1888: Die Keimzelle des Geschäfts war am Färbergraben.
Klavier Hirsch Archiv 3 1888: Die Keimzelle des Geschäfts war am Färbergraben.

Isarvorstadt - Seit 104 Jahren werden bei Klavier Hirsch am Sendlinger Tor Klaviere und Flügel verkauft. Zu den Kunden gehörten (und gehören) unter anderem Udo Jürgens, Peter Maffay, Jazzpianist Oscar Peterson oder Phil Collins. Jetzt aber steht ein großer Umzug bevor.

Bereits vor 130 Jahren, im Jahr 1888, eröffnete der Klavierbauer Georg Oetter in der Fürstenfelder Straße sein erstes Geschäft. Der tat sich dann einige Jahre später mit Carl Hirsch zusammen – und der Klavierladen konnte in die Räume am Sendlinger-Tor-Platz ziehen. Zum Laden gehörte schon damals eine Werkstatt, in der Klaviere und Flügel repariert und restauriert wurden.

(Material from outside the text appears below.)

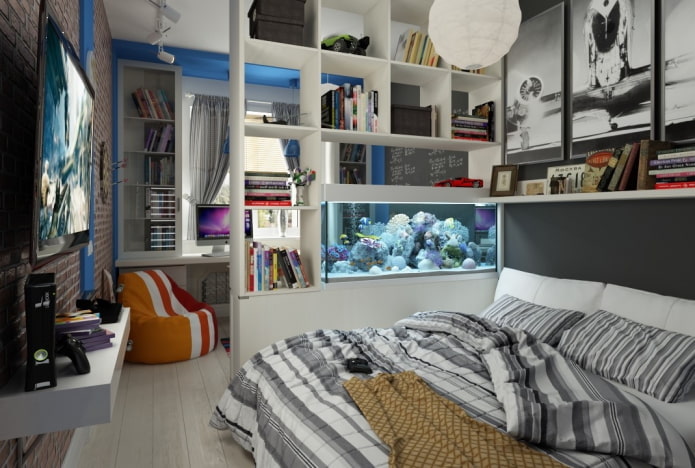 indeling van een slaapkamer voor een tienerjongen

1933 starb Carl Hirsch und seine Ehefrau Elisabeth führte das Unternehmen bis zu ihrem Tod 1941 weiter. Während des Weltkrieges wurde das Geschäft kommissarisch durch einen Prokuristen geleitet, da sich der Sohn Anton Hirsch im Kriegsdienst befand. 1945 zerstörte dann eine Brandbombe große Teile des Gebäudes – seither hat das Haus ein Stockwerk weniger. Die im Geschäft gelagerten Instrumente waren nach dem Krieg aber allesamt verbrannt.

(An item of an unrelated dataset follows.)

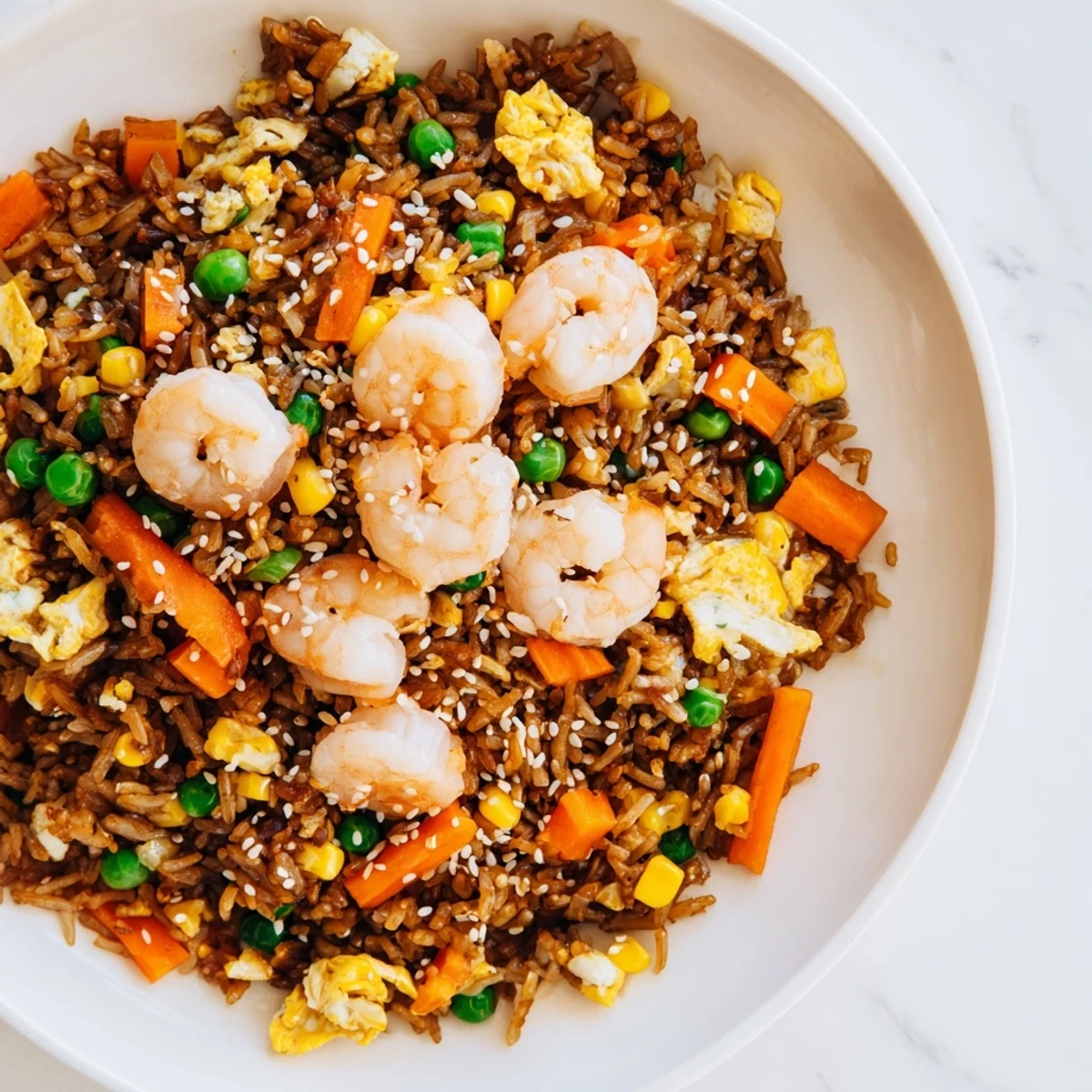 Savory shrimp fried rice hack: Fluffy rice with shrimp, soy sauce and scallions, delicious and fast.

Ein echtes Familienunternehmen

Als Anton Hirsch aus der Kriegsgefangenschaft zurückkehrte, machte er sich an den Wiederaufbau des Ladens, und so wurde dieser bald wieder das zweitgrößte Klavierunternehmen Münchens. 1983 starb Anton Hirsch und seine Frau Verene Hirsch übernahm die Firma. 1989 traten dann die beiden Kinder von Anton und Verena Hirsch in das Familienunternehmen ein. Tochter Elisabeth ist gelernte Bankkauffrau, ihr Bruder Carl ist Klavierbauer. Gleichzeitig baute die Familie den Kundendienst und die Werkstätten aus. Seit 2013 arbeiten auch die beiden älteren Söhne von Carl Hirsch, der Musikfachhändler Christian und der Klavierbauer Maximilian, im Unternehmen mit. 2014 kam dann auch der dritte Sohn, Klavierbauer Andreas Hirsch, hinzu. Es arbeiten also mittlerweile drei Generationen neben- und miteinander in der Werkstatt und im Ladengeschäft.

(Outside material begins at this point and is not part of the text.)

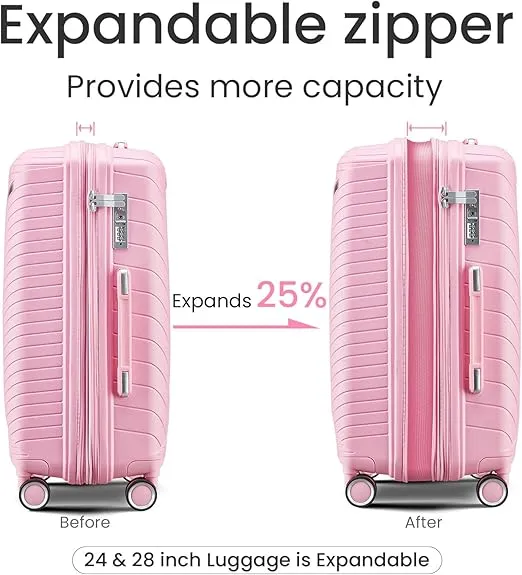 Luggage 4 Piece Sets, Expandable Carry On Luggage Set Hardshell PP, Suitcase Set with Double Spinner Wheels, Checked Durable Lightweight with TSA Lock, 14in 20in 24in 28in-Pink(B)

„Was uns verbindet, ist die Liebe zum Instrument“, erzählt Elisabeth Hirsch-Hüttenhofer. Aber: „Beim Klavierspielen ist niemand von uns ganz besonders talentiert. Wir spielen alle eher auf Amateur-Niveau.“ Nun steht ein großer Umbruch im Familienunternehmen an: Laden und Werkstatt ziehen vom Sendlinger Tor nach Obergiesing. „Meine Neffen haben den Umzug in die neuen Räume vorangetrieben“, erzählt ihre Tante Elisabeth Hirsch-Hüttenhofer. Die Räume am Sendlinger-Tor-Platz seien einfach zu verwinkelt. Ein großer Teil der rund 40 Klaviere und Flügel steht im ersten Stock. Dorthin gelangen die Kunden nur über eine enge Treppe. Im neuen Laden an der Tegernseer Landstraße 135 soll das anders werden. „Dort haben wir rund 300 Quadratmeter Verkaufsfläche im Erdgeschoss“, so Elisabeth Hirsch-Hüttenhofer.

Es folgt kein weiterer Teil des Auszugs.